Note: We’re also providing a shorter, simpler and translatable version of this report that does not assume specialized technical knowledge.

Engineering metrics in March:

  • 160 unique committers contributed patchsets of code to MediaWiki.
  • The total number of unresolved commits went from around 1450 to about 1315.
  • About 25 shell requests were processed.

Personnel

Work with us

Are you looking to work for Wikimedia? We have a lot of hiring coming up, and we really love talking to active community members about these roles.

Announcements

  • Chase Pettet joined the Wikimedia Operations Team as as Operations Engineer (announcement).
  • Following changes in the Engineering Community Team, Quim Gil took over as Engineering Community Manager, and Sumana Harihareswara transitioned to the role of Senior Technical Writer (announcement).
  • Kevin LeDuc joined the Wikimedia Foundation as Analytics Product Manager (announcement).

Technical Operations

Datacenter RFP

Final negotiations and coordination are still ongoing for the data center RFP, but we expect to be able to make an announcement soon.

Wikimedia Labs

Labs metrics in March:

  • Number of projects: 149
  • Number of instances: 310
  • Amount of RAM in use (in MBs): 1,288,704
  • Amount of allocated storage (in GBs): 14,925
  • Number of virtual CPUs in use: 635
  • Number of users: 2,907
The Labs Ops team has spent the month shepherding projects from the Tampa cloud to the Ashburn cloud. Dozens of volunteers contributed to the move, and all tools and projects have now been copied to or rebuilt in Ashburn. Some projects and tools are in a non-running state pending action on the part of their owners or admins. Ashburn Labs is running OpenStack Havana, with NFS for shared storage.
The usage stats this month are quite a bit different from last month. Quite a number of obsolete instances have been purged, and last month’s stats may have included some data center duplication.

Tampa data center

During March, the Ops team has been decommissioning and shutting down a lot of hosts in the old Tampa data center, including all former appservers. The amount of energy consumed in the old data center has been greatly reduced. A few hosts are going to be migrated to another floor in the existing data center and physical data center work is coming up.

Features Engineering

Editor retention: Editing tools

VisualEditor

Presentation slides from the VisualEditor team’s quarterly review meeting on 26 March.

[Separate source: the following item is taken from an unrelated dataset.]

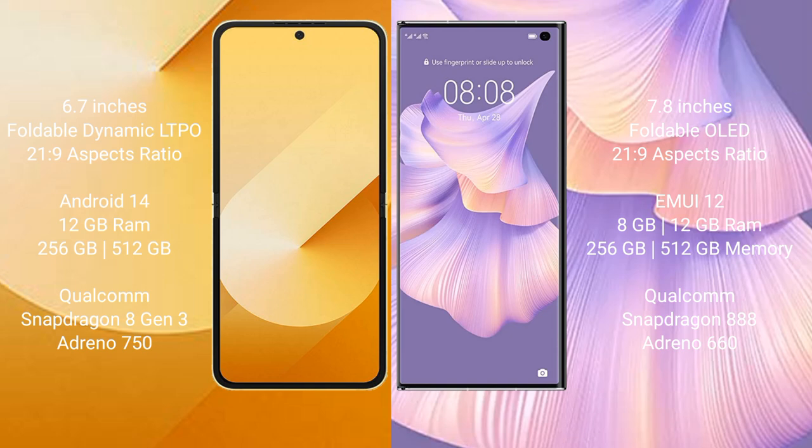Samsung Galaxy Z Flip 6 comes with 12GB RAM and 256GB or 512GB internal storage, Qualcomm Snapdragon 8 Gen 3 processor, and GPU Adreno 750. Huawei Mate XS 2 comes with 8GB or 12GB RAM and 256GB or 512GB internal storage, Qualcomm Snapdragon 888 processor, and GPU Adreno 660.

In March, the VisualEditor team continued their work on improving the stability and performance of the system, and added some new features and simplifications, helping users edit and create pages more swiftly and easily. Editing templates is now much simpler, moving most of the advanced controls that users don’t often need into a special version of that dialog. The media dialog was improved and stream-lined a little, adding some hinting to the controls to explain how they work a bit more. The cursor entry points inserted by VisualEditor next to items like images or templates to give users somewhere to put the cursor now animate on hover and cursor entry to show that they’re special. The overall design of dialogs and controls was improved a little to make it flow better, like double-clicking a block to open its dialog. A new system for quickly and simply inserting and editing “citations” (references based on templates) neared completion and will be deployed in the coming month. The deployed version of the code was updated four times in the regular releases (1.23-wmf17, 1.23-wmf18, 1.23-wmf19 and 1.23-wmf20).

Parsoid

Presentation slides from the Parsoid team’s quarterly review meeting on March 28

March saw the Parsoid team continuing with a lot of unglamorous bug fixing and tweaking. Media / image handling in particular received a good amount of love, and is now in a much better state than it used to be. In the process, we discovered a lot of edge cases and inconsistent behavior in the PHP parser, and fixed some of those issues there as well.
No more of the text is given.